The cooperation on Syria continued with a thunderbolt in the form of a Trumpian tweet on Monday night, July 24:
“The Amazon Washington Post fabricated the facts on my ending massive, dangerous, and wasteful payments to Syrian rebels fighting Assad…..”
A superb assessment of this tweet marking Trump’s order to end the CIA’s regime change op and its de facto support for jihadis in Syria comes from David Stockman here:
Occasionally one of Trump’s tweets slices through Imperial Washington’s sanctimonious cant. Indeed, Monday evening’s 140 characters cut right to the bone. Needless to say, we are referencing not the dig at the empire of Bezos, but the characterization of Washington’s anti-Assad policy as “massive, dangerous and wasteful”.
No stouter blow to the neocon/Deep State “regime change” folly has ever been issued by an elected public official. Yet there it is – the self-composed words of the man in the Oval Office.
Stockman follows with a brief history of the U.S.’s covert war on Syria and Syria’s historical mistreatment at the hands of earlier Western Empires. (It is to the credit of Antiwar.com for publishing Stockman’s piece – in contrast to the far more widely published feverish denunciation by John McCain: “If these reports are true, the administration is playing right into the hands of Vladimir Putin.” Thus, is any initiative for peace greeted from the two wings of the War Party.)

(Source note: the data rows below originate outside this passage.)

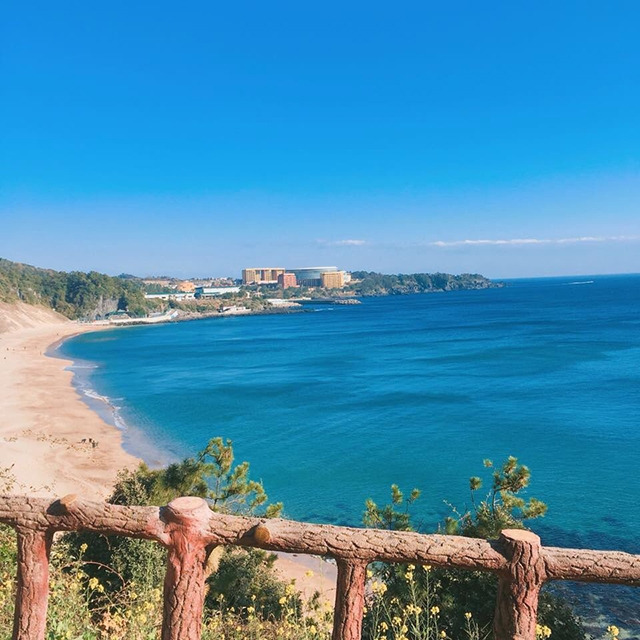 03 색달해변.jpg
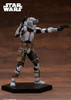 Kotobukiya ARTFX The Bad Batch 1/7 Easy Assembly Kit Figure (Star Wars: The Bad Batch Tech)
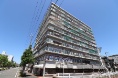 HnC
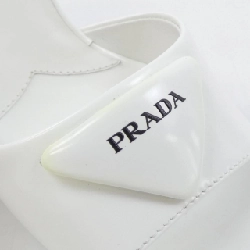 Giày sandal PRADA - Hàng hiệu Authentic 830760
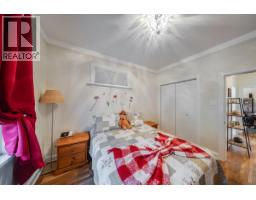 2081 Second Avenue, Trail, BC V1R1N4 Photo 17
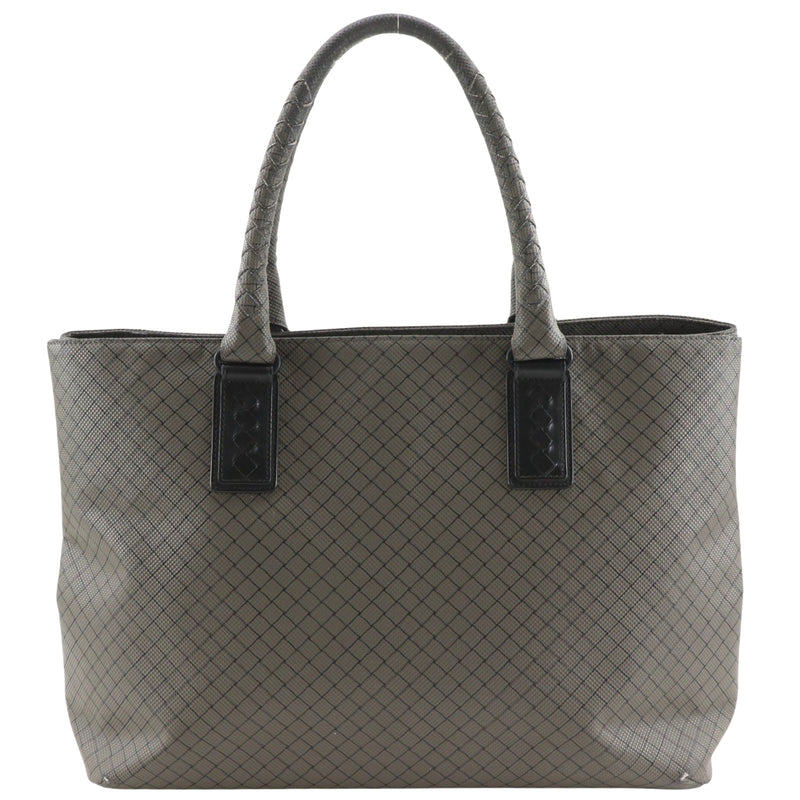BOTTEGAVENETA】ボッテガヴェネタ マルコポーロ トートバッグ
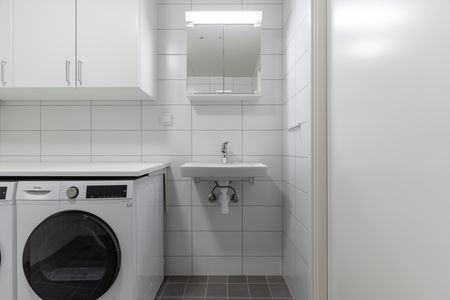 Oxhagsgatan 53 - Photo 5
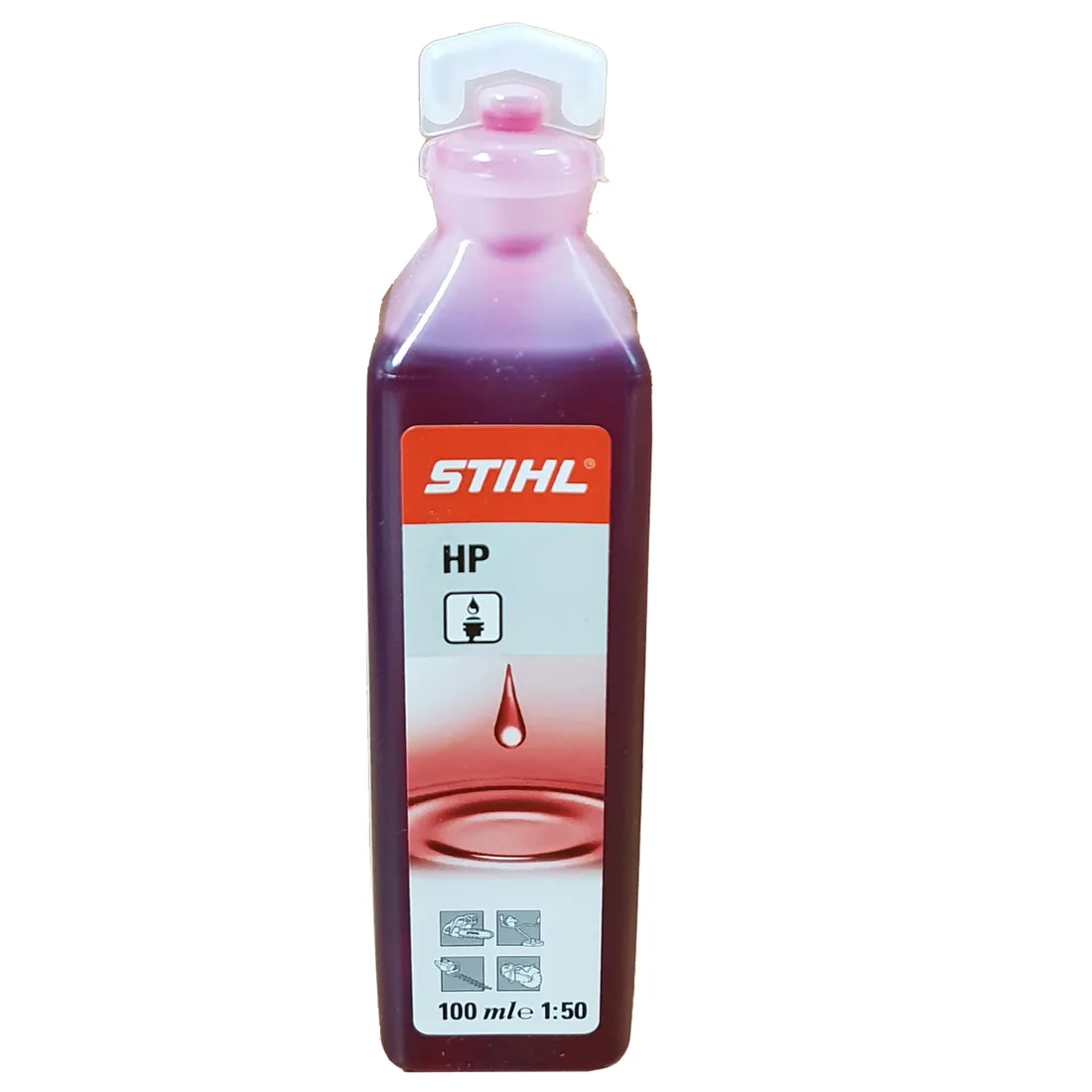 olej-stihl-do-silnikow-dwusuwowych-100ml-oryginal-stan-nowy
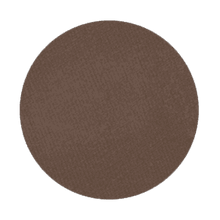 Load image into Gallery viewer, Hi-Brow Powder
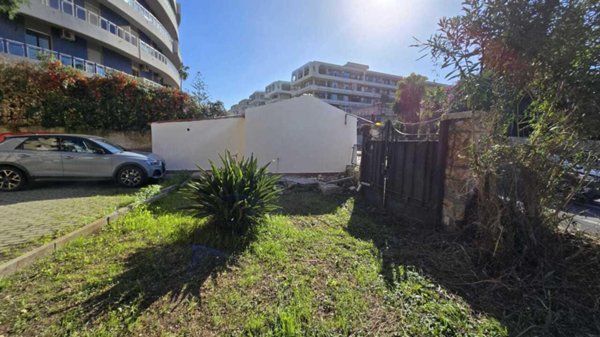 appartamento in vendita a Siracusa in zona Scala Greca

On top of this there is Secretary Tillerson’s statement that cooperation on Syria is continuing and developing, mirroring the statement of FM Lavrov.
I fully expect that this evaluation will bring a storm of condemnation. Some will accuse the author of parroting the “Kremlin line,” or being a Putin puppet, dead giveaways for the old Cold War mindset. But I would offer one word of advice to such naysayers. Support the good in what Trump does and oppose the bad. Very simple. And certainly, the good includes New Détente with Russia since it may well mean the survival of humanity. We might not get another shot at it. No other major national political figure, other than Rand Paul, is calling for it, which means we are in very deep trouble, perhaps mortal trouble.